Antique Scream Sounds Bigger than the Sum of Its Parts



The trick for a two-piece band is to sound bigger than the sum of its parts. Many try, and most fall short. Seattle band Antique Scream is another story.

Though there were only a handful of people in the audience at Red Room Jan. 22—mostly heshers in snowboots with an 8:1 ratio of dudes to ladies—the duo held nothing back, blasting through a set of face-melters, using only drums and a long guitar to create a giant rock sound that sped up mustache growth and tightened jeans just to hear.

Guitarist Christopher Rutledge played a Danelectro, split through two amps and an octave pedal to get the bone-rattling low end. His riffs and style had clear Sabbath influence, with speedy lines of overdriven notes in blues scales. Rutledge had stoner sludge and shred precision, especially in the syncopation between his riffs and the nitro-fuled drumming of William Fees.

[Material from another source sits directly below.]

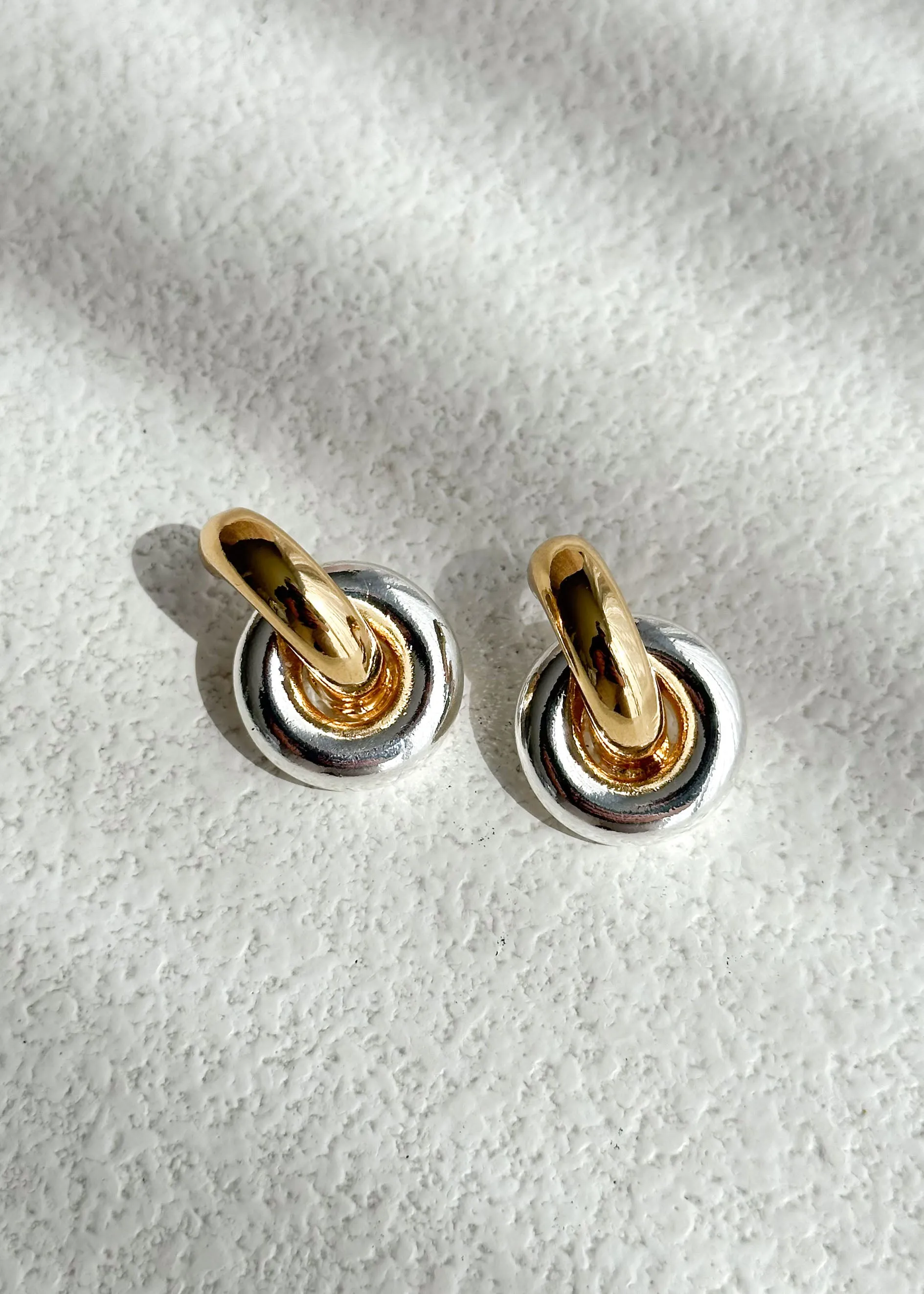 Aria Two-Tone Earrings - Gold sold by Gingham & Heels product image thumbnail 2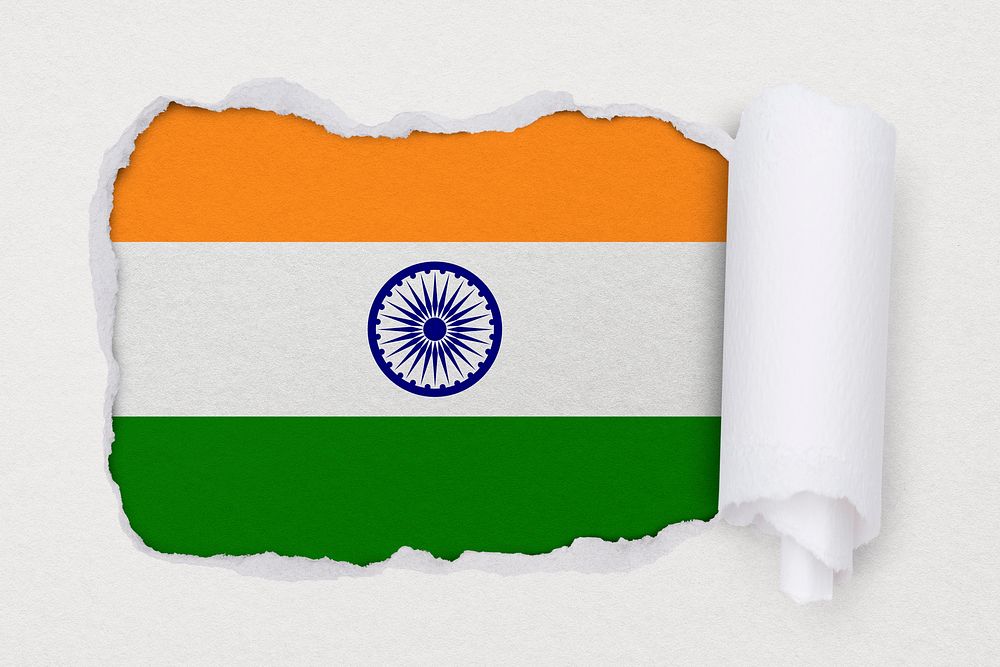 Flag of India, ripped paper design on off white background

Topped off with a metal wail, Antique Scream rocked so hard, it shook one of the stage lights loose from the ceiling, which shattered around Rutledge's feet, plunging his side of the stage into darkness.

"Thank you," Rutledge said when the song ended. "Sorry we broke your light bulb."

Antique Scream is metal from the 1970s, not the '80s. It's handlebar mustaches and Econoline vans, not spandex pants and Aqua Net. Deep Purple would approve.

"This one's about magic," Rutledge announced in a rare bit of stage banter.

Though the precision never let up, the tone and lack of instrumental variance started to become tedious toward the end of Antique Scream's set. But in short bursts, it was truly impressive.

"If anyone wants to let us stay with them tonight, that would be rad," Rutledge said.